# 00 - GEE Data Exploration and ROI Definition

This Jupyter Notebook serves as the primary exploratory environment for the Colombia deforestation analysis project. It initializes a connection to Google Earth Engine and defines the key parameters for the study, including the Area of Interest (AOI) for model training and a separate, specific region for the final change detection analysis. The script proceeds to query and inspect the Sentinel-2 satellite imagery and Dynamic World land cover collections, reporting on data availability and calculating the geographic size of the study areas. Finally, it generates a comprehensive, interactive map that visualizes the cloud-free satellite imagery, the derived land cover data, and the precise boundaries of the study regions. A static image showing the location of these regions within Colombia can be found in the project's reports/figures/study_region.png directory.

In [None]:
# -*- coding: utf-8 -*-
"""
01_GEE_Data_Exploration.ipynb

This notebook is for the initial exploration, visualization, and validation of
the datasets and Regions of Interest (ROIs) used in the deforestation analysis project.

Workflow:
1.  Configure project settings, including ROIs and date ranges.
2.  Define and inspect the Sentinel-2 and Dynamic World image collections.
3.  Calculate and report the geographic size and pixel dimensions of the ROIs.
4.  Generate an interactive map to visually compare the satellite imagery,
    land cover data, and the defined boundaries.
"""

# =============================================================================
# 0. SETUP AND INITIALIZATION
# =============================================================================
import ee
import geemap
import numpy as np
import matplotlib.pyplot as plt
from datetime import datetime

# --- GEE Authentication and Initialization ---
# It's good practice to handle both cases: already authenticated or needs authentication.
try:
    ee.Initialize(project="deforestationsentinel2")
except Exception:
    ee.Authenticate()
    ee.Initialize(project="deforestationsentinel2")

print("Google Earth Engine Initialized Successfully.")

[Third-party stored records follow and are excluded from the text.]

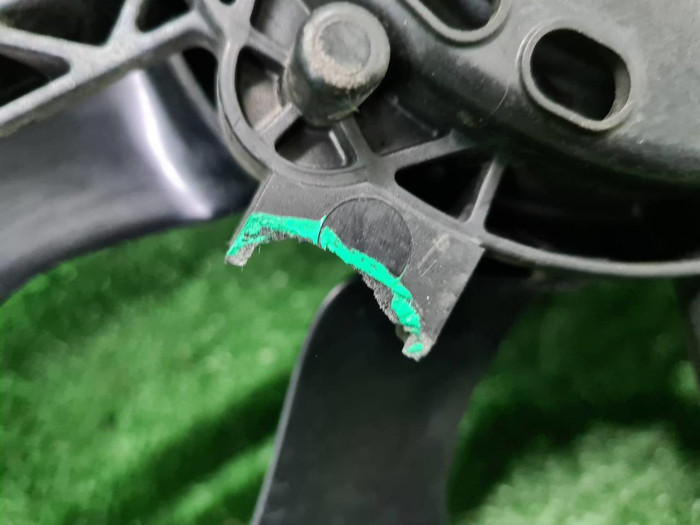 Диффузор с вентилятором Renault Logan 2 (2014-2022)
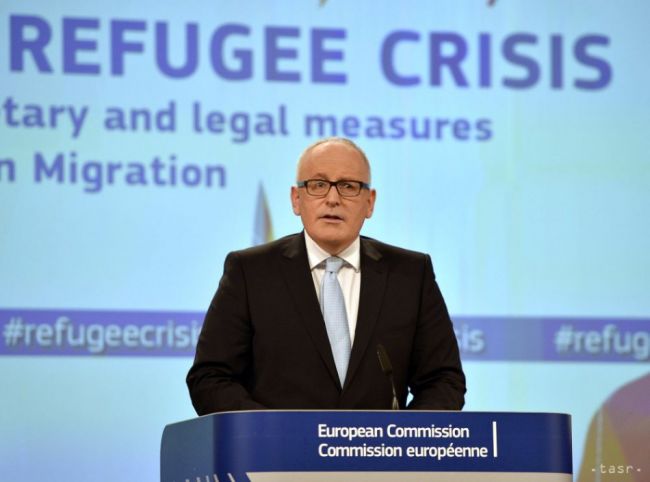 Podpredseda EK hodnotí Merkelovej migračnú politiku ako správnu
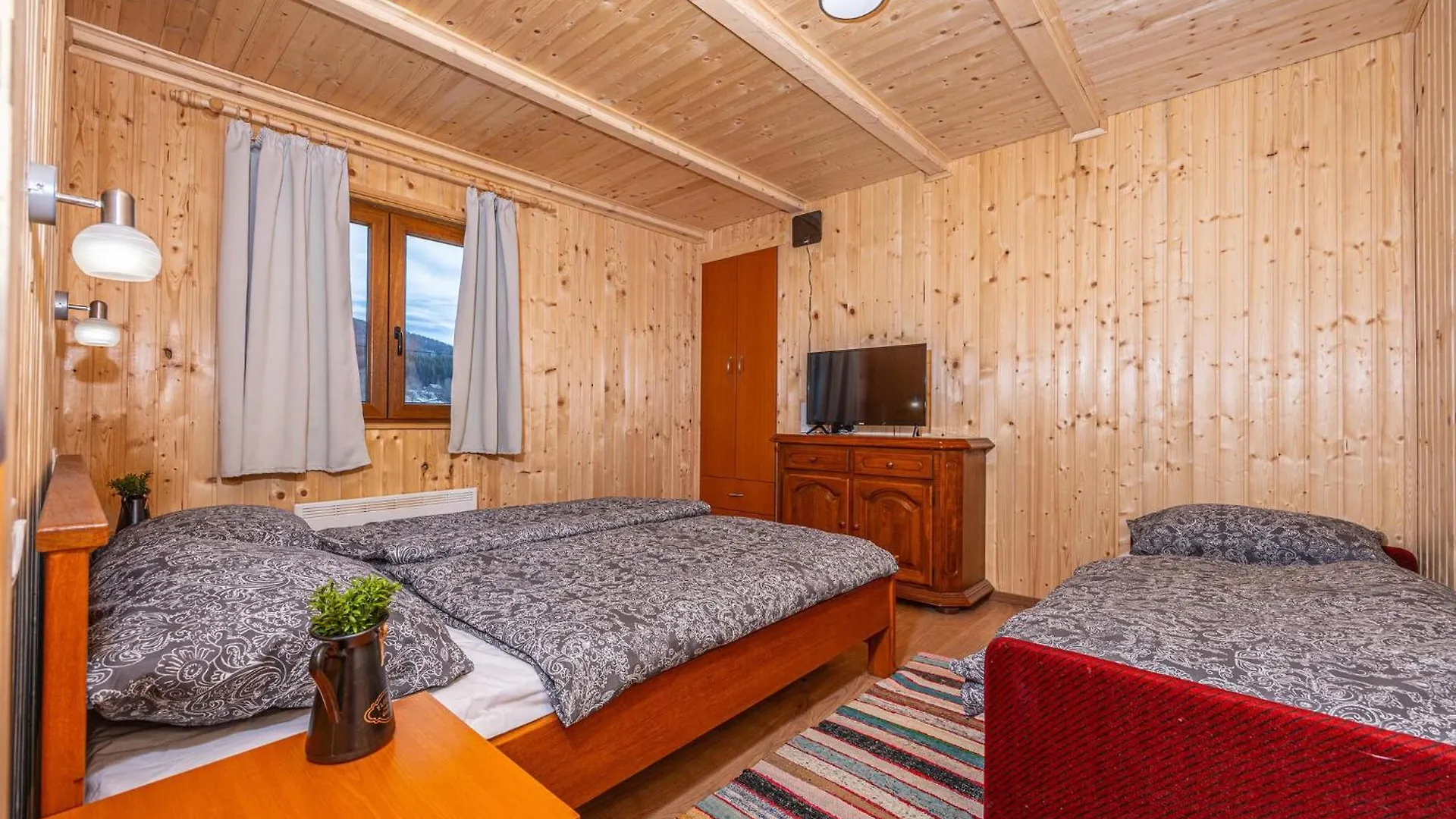 4 Bedroom Nice Home In Begovo Razdolje 0*,  Croatia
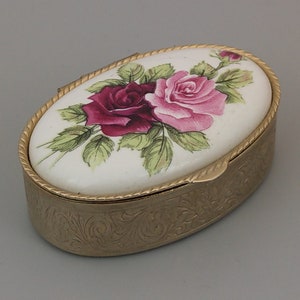 Vintage pill box with Roses cute pill case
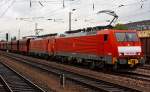Der lange Erzzug (mit Falrrs 153 Wagen), gezogen von 189 040-9 und 189 034-2 der DB Schenker Rail, hatte am 05.10.2013 im Hbf Trier Hp 0.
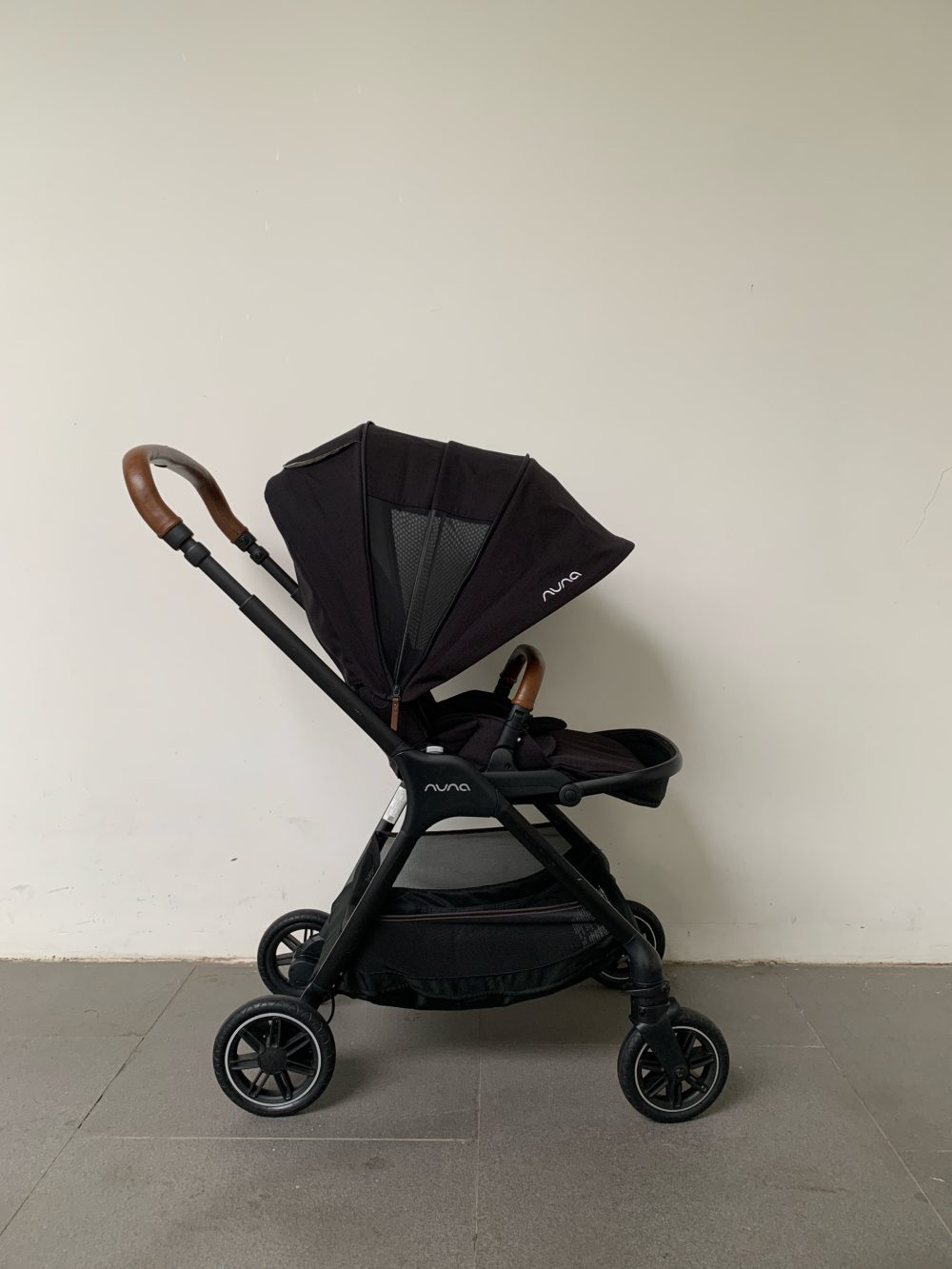 Xe đẩy Nuna Triv màu đen khung đen ( sơ sinh- 22kg~4y) - Ảnh 2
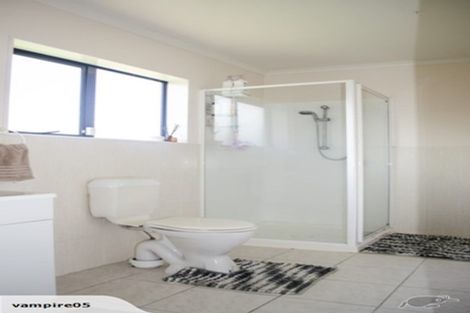 Photo of property in 8 Sid Place, Mangere, Auckland, 2022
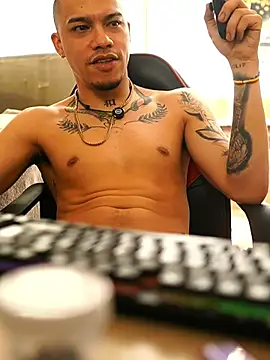 Онлайн чат XXX AlphaMasterXxx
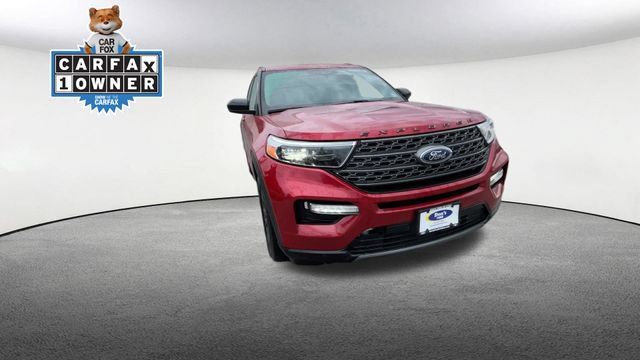 Certified 2023 Ford Explorer XLT w/ Equipment Group 202A AWD/4WD image 3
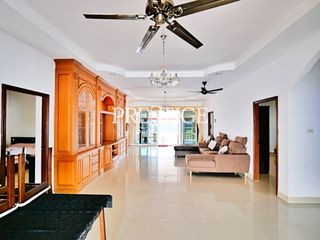 À louer 4 chambres maison à Bang Lamung, Chonburi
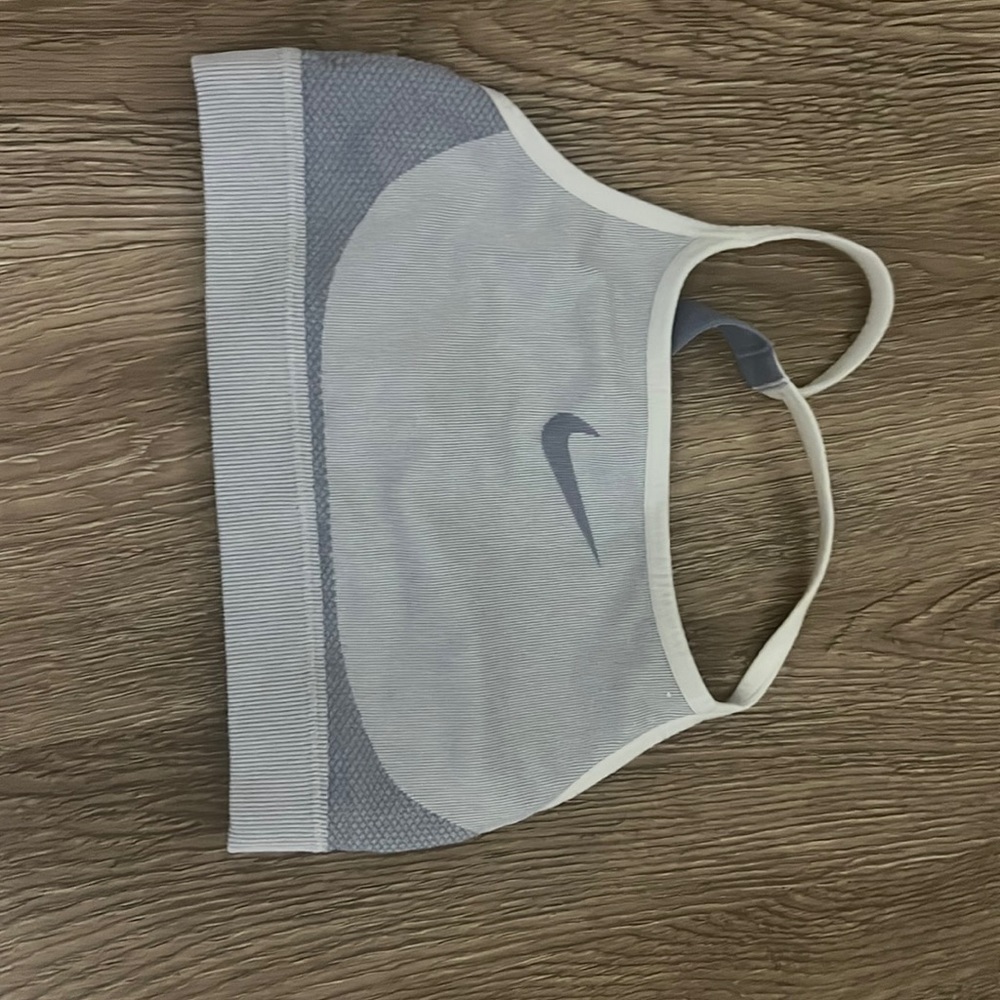Nike sports bra, size kids medium, light blue/grey
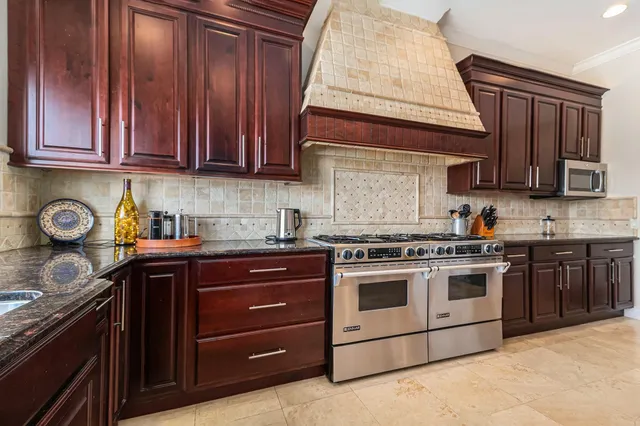 $1,250,000 | 290 Shelby Court, Saline, MI 48176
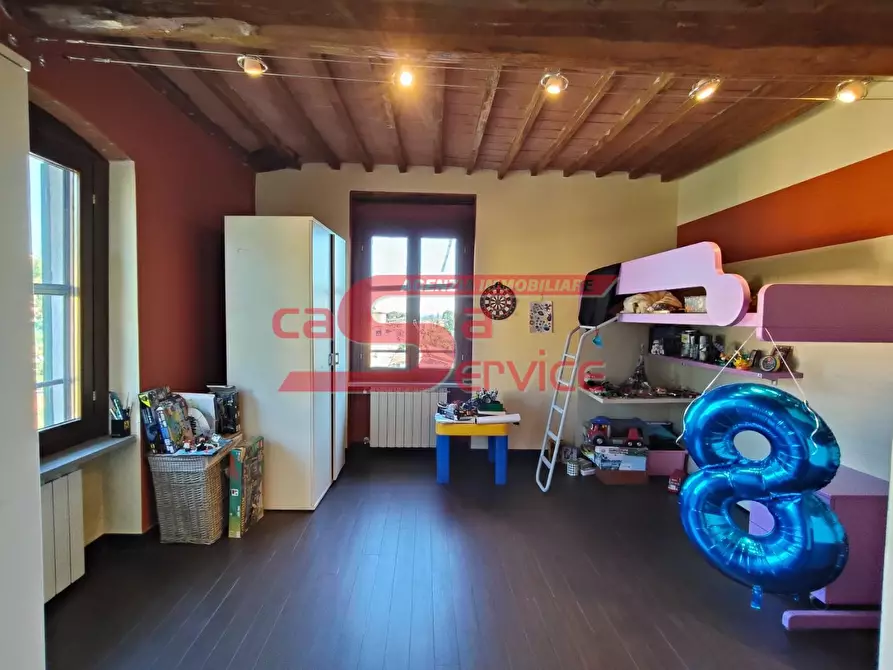 Immagine 18 di Appartamento in vendita  a Uzzano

# =============================================================================
# 1. CONFIGURATION
# =============================================================================
# --- Regions of Interest (ROIs) ---
# roi1: The larger area used to generate the training and validation dataset.
roi1_training = ee.Geometry.BBox(-74.88851, 1.722, -73.656, 2.712)
# roi2: The specific area targeted for the final change detection analysis.
roi2_change_detection = ee.Geometry.BBox(-72.8, 2.1, -72.2, 2.7)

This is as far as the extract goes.